The Civil War was the in ultimate regional and class warfare and it was steeped in a moral issue, slavery. The North made its money in manufacturing, the South in agriculture. The North used all the immigrants living in poverty and squalor to man its factories, the South used slaves. Men in the North could pay for someone to take their place in the ranks. (We will see that come again about 100 years later.) The war cost hundreds of thousands of casualties in the wounded and the dead.

Entering the Industrial Revolution, men like Andrew Carnegie worked the men in his steel plants six and a half days a week for 264 days a year. The only day they got off was the 4th of July. Men worked for pennies and he made millions. When men tried to unionize for decent pay and working conditions, he brought out the police thugs who beat the strikers. It was the unions working to organize men to fight for basic working rights and it did take enlightened leaders such as Theodore Roosevelt to force change. (there are always those who are contrary to their social class...Eleanor Roosevelt was another such wonderful person.) It was only in his later years, with the meeting with his Maker coming up did Carnegie start to give away his money, but even then his name had to be plastered on everything...just so the common man knew who his benefactor was. OK, kids still with me? Jump to the 1960'

The 1960's are a subject all its own with civil rights, assassinations and Vietnam, but I'm going to take just Vietnam for this. Vietnam was regional and class warfare. How? On both coasts the determination to protest was huge. There were marches and campus sit in and daily discussions in the high school hallways and every kitchen table about stopping the war. In the midwest, a more conservative region of the country, and the south which is even more conservative, the support for the Vietnam War stayed the longest. While the men fighting the war came from across the country because of the draft, it was predominately fought by the poor and minorities. A deferment was given to men going to college and they went by the thousands. I met one guy who was a student at Farleigh Dickinson University for seven years waiting out the war. When the war ended in 1974, he graduated the following spring.

Jump 15 years to the 1980's and Ronald Reagan and trickle down economy where the wealthy trickle their wealth down to the rest of us and you have it, class warfare out in the open for all to see. The rich became tremendously wealthy and the rest of us tried to tread water.

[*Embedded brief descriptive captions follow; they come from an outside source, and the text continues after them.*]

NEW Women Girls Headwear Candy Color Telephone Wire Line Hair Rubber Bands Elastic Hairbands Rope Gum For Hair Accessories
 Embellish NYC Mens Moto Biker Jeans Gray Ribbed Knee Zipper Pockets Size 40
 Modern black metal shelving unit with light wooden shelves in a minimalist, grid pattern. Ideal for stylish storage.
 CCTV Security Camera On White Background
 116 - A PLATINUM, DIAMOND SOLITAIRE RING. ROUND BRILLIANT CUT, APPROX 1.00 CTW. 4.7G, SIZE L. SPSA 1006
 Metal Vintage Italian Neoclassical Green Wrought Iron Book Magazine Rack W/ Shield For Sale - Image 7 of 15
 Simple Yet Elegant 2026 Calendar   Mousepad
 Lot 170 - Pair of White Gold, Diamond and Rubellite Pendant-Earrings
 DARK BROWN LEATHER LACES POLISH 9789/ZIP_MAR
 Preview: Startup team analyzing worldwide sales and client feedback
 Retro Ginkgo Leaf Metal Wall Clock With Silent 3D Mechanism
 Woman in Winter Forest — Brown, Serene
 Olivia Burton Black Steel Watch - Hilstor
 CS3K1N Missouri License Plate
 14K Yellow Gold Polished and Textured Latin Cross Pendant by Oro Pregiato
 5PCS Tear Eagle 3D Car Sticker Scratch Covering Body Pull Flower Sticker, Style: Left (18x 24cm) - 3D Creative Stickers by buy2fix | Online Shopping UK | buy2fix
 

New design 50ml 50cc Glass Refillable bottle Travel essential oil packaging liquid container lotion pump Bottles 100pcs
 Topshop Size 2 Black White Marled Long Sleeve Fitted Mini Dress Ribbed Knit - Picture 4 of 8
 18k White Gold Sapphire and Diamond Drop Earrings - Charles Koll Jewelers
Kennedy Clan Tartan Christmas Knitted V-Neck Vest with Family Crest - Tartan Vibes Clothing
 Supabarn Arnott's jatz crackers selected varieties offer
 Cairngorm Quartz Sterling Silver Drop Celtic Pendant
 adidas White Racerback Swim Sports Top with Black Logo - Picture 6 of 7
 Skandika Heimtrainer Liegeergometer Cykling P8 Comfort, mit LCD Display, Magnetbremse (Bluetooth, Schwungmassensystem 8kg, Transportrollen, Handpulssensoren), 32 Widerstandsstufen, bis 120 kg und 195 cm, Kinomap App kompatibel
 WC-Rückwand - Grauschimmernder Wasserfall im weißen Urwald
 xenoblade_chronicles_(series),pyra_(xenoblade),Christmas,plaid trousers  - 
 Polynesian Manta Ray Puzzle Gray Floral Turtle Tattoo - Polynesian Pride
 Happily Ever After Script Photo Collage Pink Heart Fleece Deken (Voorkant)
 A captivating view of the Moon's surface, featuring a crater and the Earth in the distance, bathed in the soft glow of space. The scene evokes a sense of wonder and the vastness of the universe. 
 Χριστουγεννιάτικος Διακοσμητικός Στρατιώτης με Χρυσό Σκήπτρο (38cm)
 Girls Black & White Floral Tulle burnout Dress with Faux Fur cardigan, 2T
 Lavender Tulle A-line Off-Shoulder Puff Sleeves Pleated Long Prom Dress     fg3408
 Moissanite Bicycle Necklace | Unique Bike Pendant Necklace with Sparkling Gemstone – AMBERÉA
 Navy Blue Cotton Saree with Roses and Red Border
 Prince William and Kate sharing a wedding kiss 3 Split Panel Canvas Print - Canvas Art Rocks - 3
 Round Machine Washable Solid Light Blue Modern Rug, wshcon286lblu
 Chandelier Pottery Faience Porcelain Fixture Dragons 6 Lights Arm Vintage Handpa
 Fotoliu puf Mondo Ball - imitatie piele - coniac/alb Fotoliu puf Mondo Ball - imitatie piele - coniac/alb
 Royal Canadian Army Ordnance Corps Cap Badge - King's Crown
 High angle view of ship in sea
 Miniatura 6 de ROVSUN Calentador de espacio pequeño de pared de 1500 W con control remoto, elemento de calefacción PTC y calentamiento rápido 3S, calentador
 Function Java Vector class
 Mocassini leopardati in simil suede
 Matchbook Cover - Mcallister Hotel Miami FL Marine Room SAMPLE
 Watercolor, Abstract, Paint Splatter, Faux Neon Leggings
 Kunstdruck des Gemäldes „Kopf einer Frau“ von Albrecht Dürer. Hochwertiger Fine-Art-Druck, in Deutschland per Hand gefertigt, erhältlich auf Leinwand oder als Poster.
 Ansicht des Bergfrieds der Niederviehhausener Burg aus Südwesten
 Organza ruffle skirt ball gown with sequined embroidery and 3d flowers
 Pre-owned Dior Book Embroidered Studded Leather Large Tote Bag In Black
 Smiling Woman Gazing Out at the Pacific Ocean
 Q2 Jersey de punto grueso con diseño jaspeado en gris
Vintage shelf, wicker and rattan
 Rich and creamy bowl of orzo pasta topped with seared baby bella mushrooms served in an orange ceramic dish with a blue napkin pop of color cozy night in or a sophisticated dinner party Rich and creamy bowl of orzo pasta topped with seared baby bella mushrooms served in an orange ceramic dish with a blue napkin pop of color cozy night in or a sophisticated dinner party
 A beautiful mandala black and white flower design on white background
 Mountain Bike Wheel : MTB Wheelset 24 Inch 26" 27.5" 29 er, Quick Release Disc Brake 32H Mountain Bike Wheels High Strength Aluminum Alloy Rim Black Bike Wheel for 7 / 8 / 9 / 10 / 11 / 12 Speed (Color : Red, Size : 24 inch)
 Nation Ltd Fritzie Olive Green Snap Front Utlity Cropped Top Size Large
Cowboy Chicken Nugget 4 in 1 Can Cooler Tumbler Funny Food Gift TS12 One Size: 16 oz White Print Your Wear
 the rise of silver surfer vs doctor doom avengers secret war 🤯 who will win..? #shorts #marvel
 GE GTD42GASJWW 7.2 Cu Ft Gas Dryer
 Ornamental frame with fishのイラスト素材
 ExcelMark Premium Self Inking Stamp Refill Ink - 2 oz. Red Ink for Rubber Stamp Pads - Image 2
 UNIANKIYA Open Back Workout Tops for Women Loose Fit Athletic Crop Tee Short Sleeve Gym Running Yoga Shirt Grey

And so here we are today, the Minnesota Legislature couldn't pass a budget bill. The Republicans who mostly represent the rich and business class won't raise taxes, they only want to cut spending. Most of Minnesota's spending is on education and health and human services. In other words money is spent on those are not old enough to have money and power and those who are too old and/or are disenfranchised to have any power. The Governor wants to raise taxes on only those making a million dollars or more, so that tax would come out of discretionary money; unlike me, a new tax would come out of my milk money. So I say, thank you Governor Dayton for holding the line, sometimes there must be a clash in class warfare and something has to give...it's not just time to take a realistic view on spending, it's time again in our American way for class warfare. I'm not saying it's right or good, I'm just saying it's not new.

And for those living in another state, hold on, you too will have the chance to watch this play out as we march towards August 2, and the need to resolve the issue of the debt ceiling. Listen carefully to the debate, the Sunday morning gasbags, the politicians....there it will be...class warfare.